Through our BLUETEC Fund — which empowers Duke to invest in technology that addresses pressing clinical and operational challenges — we partnered with Abridge, a company that offers ambient AI to generate clinical notes from physician-patient conversations. The pilot was small and carefully measured. The results were clear: providers overwhelmingly preferred the AI scribe, and we saw meaningful reductions in documentation time and provider burnout.
Today, more than 2,000 Duke Health providers are using this technology across the enterprise — not because it’s interesting, but because it works.
3. Innovation from the inside out
Some of our boldest ideas come from within. Through the Duke Institute for Health Innovation (DIHI), we invite front-line clinicians and staff to propose technology solutions that solve real problems. In 2024, we focused on AI that could improve operational efficiency, and the response was remarkable.
One notable project leveraged AI to streamline the prior authorization process by ensuring accurate clinical documentation for medication and procedure eligibility. Another project employed AI to enhance physician handoffs in the cardiothoracic ICU by creating concise summaries that facilitate effective patient transitions and reduce clinician workload during shift changes.
These early wins inspired Scout, a powerful agentic AI tool, also developed by DIHI, that searches EHR data to extract, organize and present key patient details in a clear format, aiming to decrease the time clinicians spend on documentation and enhance care quality.

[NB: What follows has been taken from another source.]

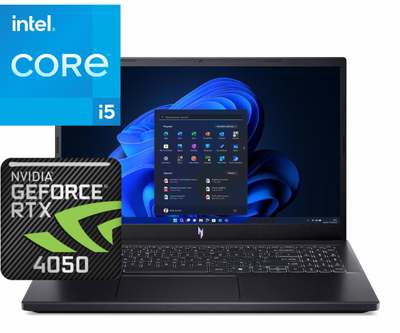 Ноутбук (2024) игровой Acer Nitro V i5-13420H/ 32GB / 1TB/ RTX4050 / 15,6" 165Hz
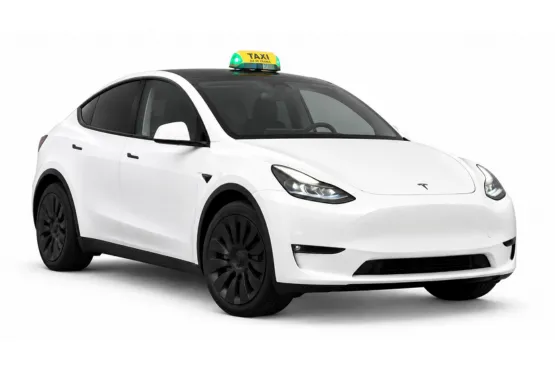 vehicule taxi conventionne tesla model y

Scout not only supports clinical care workflows, it also supports our academic research mission as well.
And innovation doesn’t stop with clinicians. Every year, our Nursing Innovation Summit invites bedside nurses to pitch new ideas. One recent concept — using blue light in clave connectors to prevent bloodstream infections — was developed in collaboration with Duke engineers and is now advancing toward product viability.
That’s the power of listening to people closest to the problem and giving them the tools to lead the solution.
4. Smart partnerships, shared values
Not every solution is homegrown. At times, our greatest leaps forward come through strategic partnerships, and we treat those collaborations as seriously as we treat patient care.
We have an incredible partnership with Microsoft. Together, we’re scaling secure, ethical and transparent generative AI tools across our workforce. These tools are improving productivity and resilience. Importantly, they’re built with safety at the core.
For example, our strategic alliance with nference aims to unlock the research potential of clinical data without ever compromising patient privacy. Their platform helped us turn decades of unstructured clinical records, radiology images and digitized pathology slides into structured, meaningful insights — accelerating discovery while maintaining full control over every data point.
We don’t license tools and hope they fit. We align with partners who share our commitment to integrity, safety and long-term value.
5. Innovation that serves a mission
At Duke Health, we are innovating to serve: to deliver better outcomes, reduce inefficiencies, bring joy back to care delivery and create a more resilient health system. Our approach is deliberate and evidence-based, but it’s also deeply human.
We start with empathy. We lead with insight. And we measure success not in headlines, but in impact.
Technology is not a strategy. It’s a strategy-enabling tool — one that only works when applied with care, clarity and purpose.
That’s how we’ll meet this moment. And that’s how we’ll shape what comes next.
Craig T. Albanese, MD, MBA, is CEO of Duke University Health System — North Carolina’s fourth-largest employer and one of the nation’s top academic medical centers. A respected surgeon scientist and clinical investigator, Dr. Albanese is responsible as CEO for strategic and operational oversight of DUHS and its senior leadership. He joined DUHS as executive vice president and chief operating officer in January 2022 and was named chief executive officer in February 2023.